Once I came to Chicago I struggled with how to keep up my climbing. It got harder as med school intensified, so once the opportunity to jump into bike racing presented itself, I jumped in the deep end again. My first race was the Tour of Galena where I’m pretty sure I got close to last place, but I still had an awesome time. As road season faded out, I started to go into withdrawal, so I switched to getting my fix on the track. The pure speed and constant race strategy kept me hooked. But track season also ended, and along came the allure of mud, friends, and beer. My second season was dominated by surviving med school while my racing suffered. But near the end of my third year of med school, I decided my school could suffer and it was time to get serious about racing.
I started training at the track so I could cat up and race with the big kids on Thursday nights. Fortunately, this is where I met Lucas Seibel and found out the Spidermonkeys were really cool. Next thing I knew, I was going back to the tour of galena with a bunch of monkeys to ride the water slides and do a bit of racing. The weekend was a success, I did far better than my literal first time at the races. We also managed to eat a lot of hotel Belgian waffles and giant 2 pound hot pretzels. The deal was finally sealed, as far as I was concerned, a few weeks later at the gravel metric. After riding a grueling 4 hours of gravel, I was still in the middle of nowhere and starting to wonder if I had made a wrong turn. I was beat, but I thought I saw a rider behind me, so I just decided to wait for them. I had the good fortune of that rider being nobody less than Kelly Clarke. She was like, I eat gravel for breakfast; we’re all good. We figured out how to get back on track, and as I started to bonk and my knees stated to get cranky, Kelly pulled all the way home. That’s when I knew the monkeys were definitely awesome. As soon as I got around to making a team ride, Deanessa asked me if I wanted to join, and I instantly responded, yes!
In my first season as a monkey, I have had an unbelievable amount of fun. On the road, I got torn up by Lucas, and had a blast pushing the race pace with Monko and PJ. On the track, I formed a number of strategic team alliances, such as Team Homewreckers (Kelly, Rod, and I) where we relentlessly, unpredictably, and anti-strategically attack. Also Team Bonk Da Monkey with Jeremy and Justin from Bonkers, where we actually got some team tactics to work both on the track and on the road. Cross started out with two strong relay teams: The Sweaty Pretzels with Ann Marie and also The Kickin’ Kangaroos with Drew. Lindsey Fahey also allowed me to get my psychiatry practice started as I psychoanalyzed her cross performance. But basically hanging with you guys on and off the bike has been the best thing ever.
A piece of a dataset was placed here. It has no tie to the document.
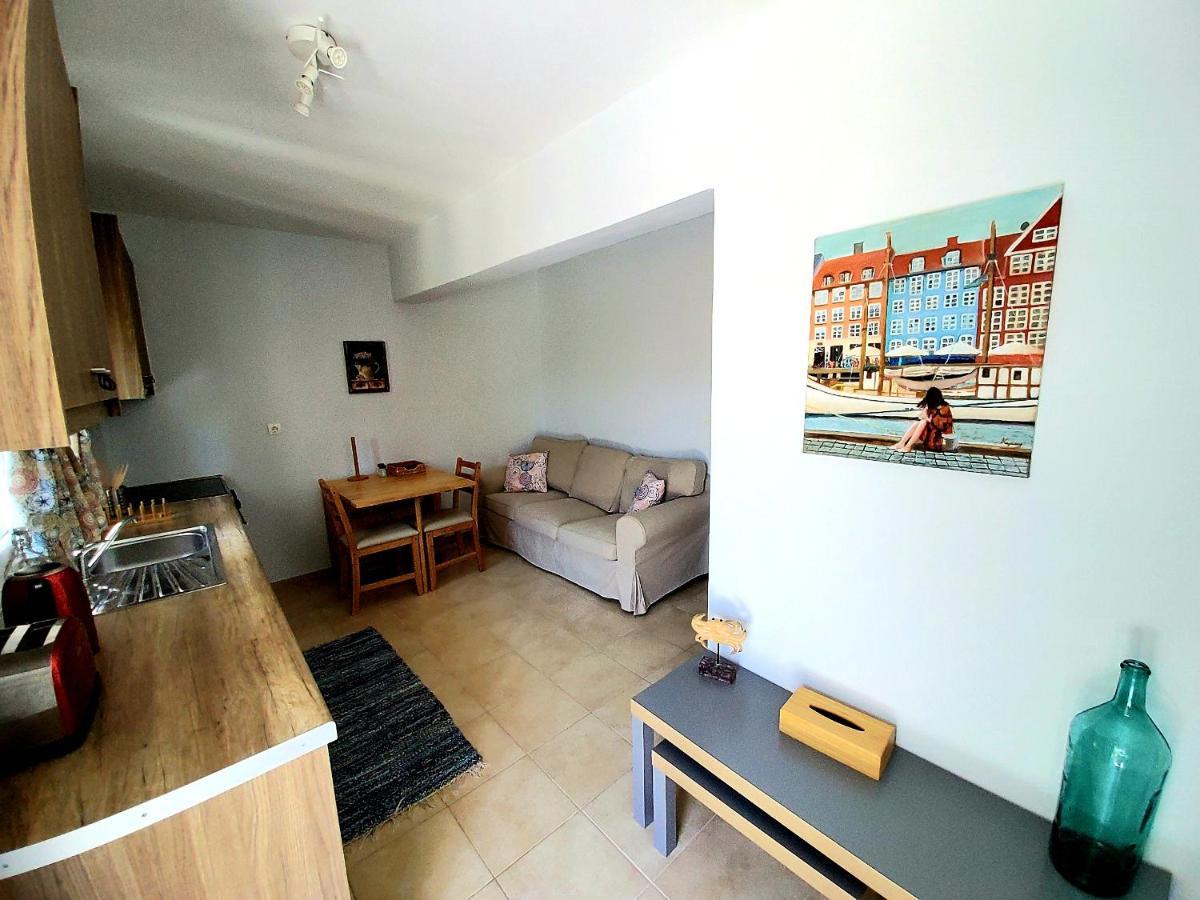 Nefeli Apartment Livadi  Exterior photo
I’m finishing up my fourth year and about to see where I head for training as a psychiatrist. I sincerely had hoped that Chicago was going to be a top choice just so I could continue hanging with you guys. Buuuut, the West coast is looking like the ideal place to train. Also the rock climbing isn’t so bad, and they don’t have the polar vortex. So we need to talk about starting a west coast division of the monkeys. (I’ll find out for sure March 21st.) Regardless, I’ll always be a monkey at heart.